As a person who goes to therapy, this all sounds terrifying. Betterhelp and their ilk gig economy-ing therapy was bad enough.

@emilymbender I know of a team at a mental health tech company whose (male) leadership is considering using gen AI for a note generating tool and I and another (female) eng have _tried_ to impress upon them how harmful that could be and that they should absolutely not. They acted like they're listening but I can't help thinking that it's only for show and they're going to do it anyway. (Gender mentioned bc it'd be even more par for the course given that.)
@emilymbender ...yup, they're doing it anyway. I'd name them if I didn't fear retaliation, because they deserve to be shamed to hell for this.
@emilymbender "What if... the techbros understood..." I've found the problem.

@emilymbender journalism has already been replaced by AI, for all practical purposes. AI Techbros are banging their own drums in the media.

The remaining niches where manual journalism still prevails has little influence on public debate..

@emilymbender What if the therapist wrote the notes with the patient?

@emilymbender I don't know about psychotherapists but doctors are falling over ourselves to get AI transcription and summarisation into consulting rooms. We (apparently) really, really hate writing notes, and our insurers feel that more words are always better. There's a dozen plugin products on the market which just plug OpenAI APIs together and the biggest CIS developer in Australia just announced native integration of one of these tools.

It's not cheap but people who use it are talking about going home an hour earlier than usual - that's tough to counter.

@zanchey You gave the answer right in your post: The source of this problem is the insurance companies.
@emilymbender sorry, that's medical indemnity insurers, not health insurers (I'm in Australia). We have universal insurance, there are definitely compliance issues with Medicare that are part of the drive for LLMs, but it is really being sold as a convenience/efficiency thing.
@zanchey I see -- it's going to be convenient until it causes errors in patient care, and then if your system is at all good it will start being REALLY INCONVENIENT for the insurers/providers.
@emilymbender yes I suspect there may be a rapid attitude adjustment at some point
It will always be providers taking the fall and never the tech company
@zanchey @emilymbender This is a compliance problem too.

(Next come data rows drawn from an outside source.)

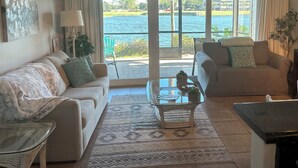A living room with two sofas, a coffee table, and a ceiling fan. There is a large window with a view of a body of water and greenery. - LAKEFRONT~BEACH~GOLF~POOLS~TENNIS~PET FRIENDLY (Miramar Beach)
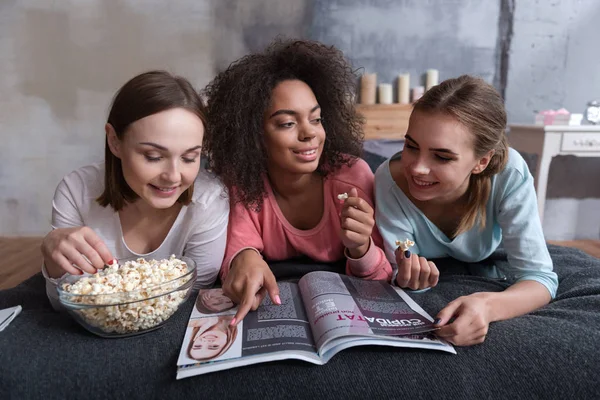 Divertido envolvido meninas lendo a revista em casa — Fotografia de Stock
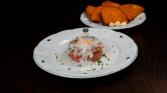 Beef tenderloin tartare with cow's cheese and toast with garlic and pickled onions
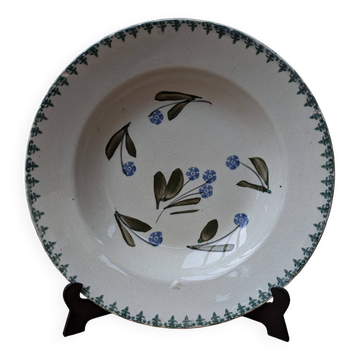 Old deep iron earth plate with blue flower pattern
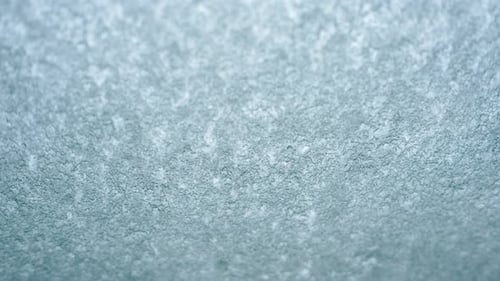 Close up view of an icy or frosted surface with fine texture and soft blue tones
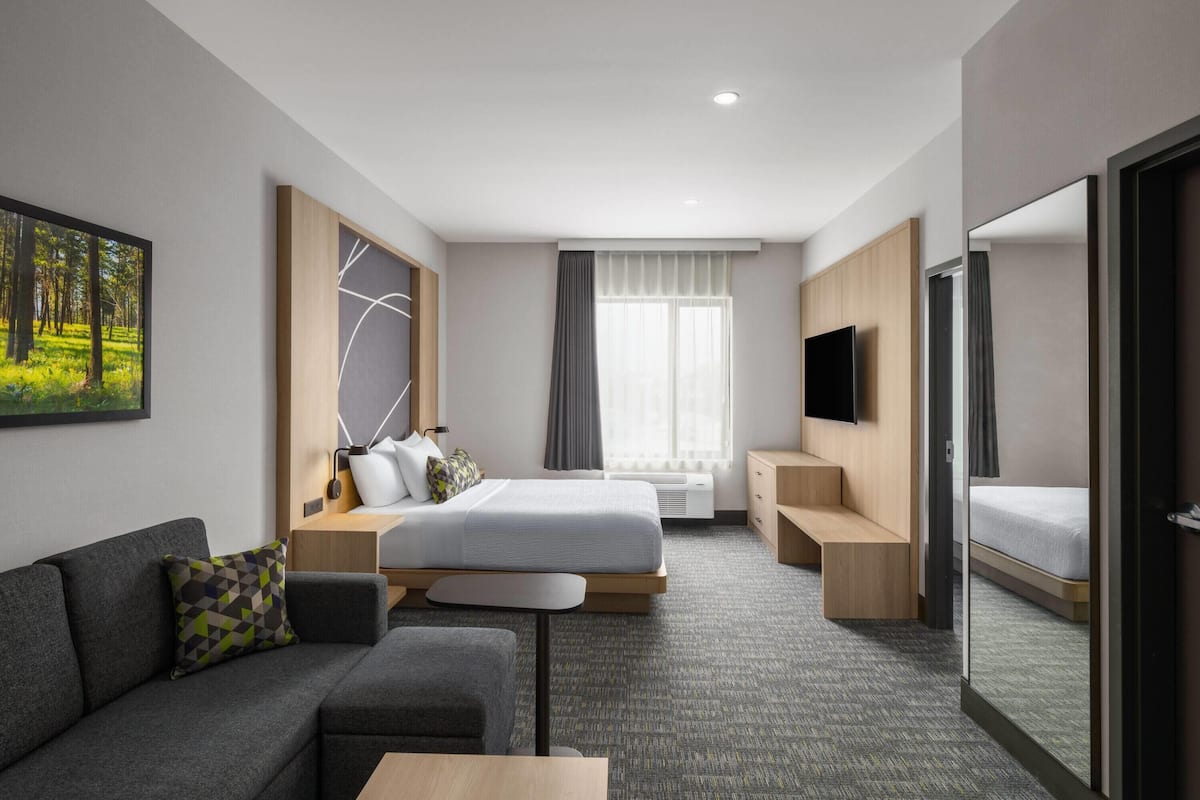 Una habitación de hotel moderna con cama, sofá, televisor y un ventanal grande.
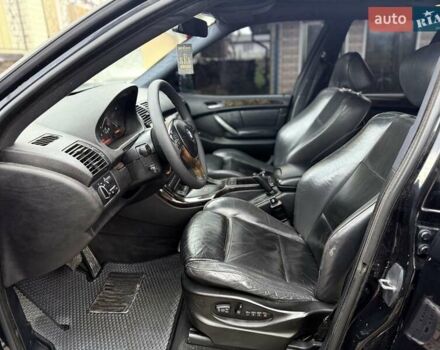 Черный БМВ Х5, объемом двигателя 4.4 л и пробегом 330 тыс. км за 6900 $, фото 26 на Automoto.ua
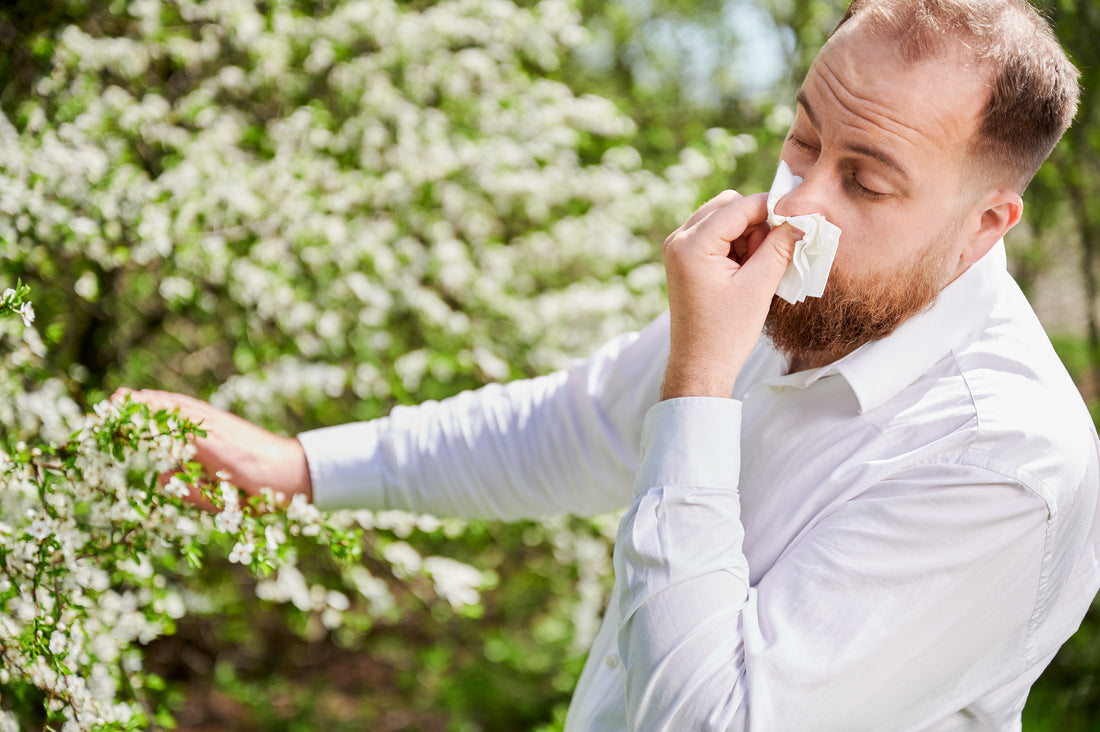A man sneezing near flowers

The whole stuff is rooted in the belief that enough procedure roots out "errors" and "mistakes" which is... really not how this stuff works out. Risk management and "Safety" have yet to realise the limits of their models of the world...
@emilymbender At that point, it doesn't matter because the bills have been sent and we can always recruit another "patient" right?
@emilymbender testing and marketing the efficacy of placebos but with more steps.
@emilymbender "alliance"

i think we should force everybody to watch this https://www.youtube.com/watch?v=4JoEWdV7tpQ
Carnivorous UNDERCOVER caterpillar 🐛😎 | Wild Isles - BBC

YouTube
@emilymbender until it turns on them, apparently. How much liability would a software company have to accept to have a therapist trust their tools?